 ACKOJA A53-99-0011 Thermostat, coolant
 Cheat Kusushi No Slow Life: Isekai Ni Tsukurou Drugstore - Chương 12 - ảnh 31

------------

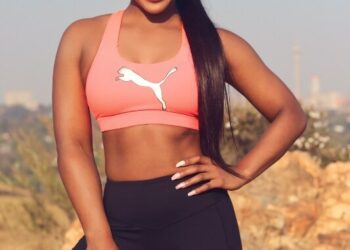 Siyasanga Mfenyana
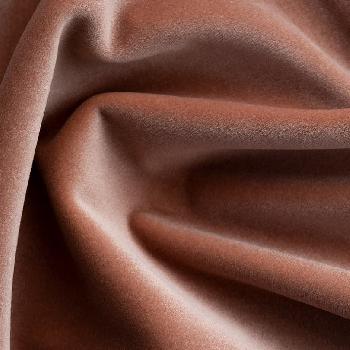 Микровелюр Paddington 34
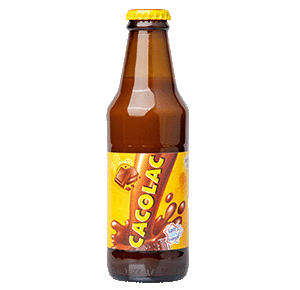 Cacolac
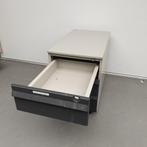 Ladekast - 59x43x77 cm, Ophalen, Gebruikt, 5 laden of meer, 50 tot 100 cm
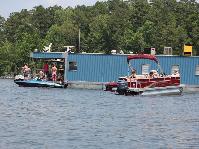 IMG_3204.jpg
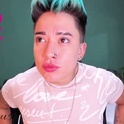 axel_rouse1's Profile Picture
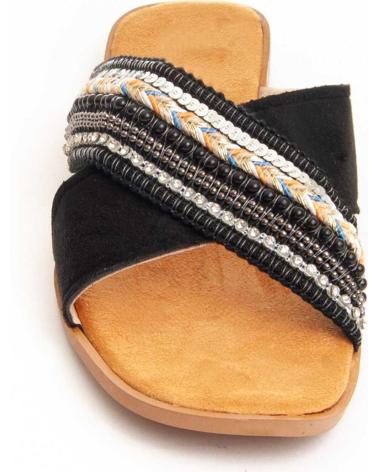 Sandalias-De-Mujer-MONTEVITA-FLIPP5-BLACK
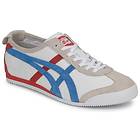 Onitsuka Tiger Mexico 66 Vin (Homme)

------------

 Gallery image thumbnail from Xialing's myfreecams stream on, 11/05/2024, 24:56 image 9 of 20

------------

(WORK ITEM): Could you transcribe the entries above word for word, from the line with "ACKOJA A53-99-0011 Thermostat, coolant" down to the line with "Cheat Kusushi No", keeping both?

(RESULT FOR THIS EXERCISE):
 ACKOJA A53-99-0011 Thermostat, coolant
 Cheat Kusushi No Slow Life: Isekai Ni Tsukurou Drugstore - Chương 12 - ảnh 31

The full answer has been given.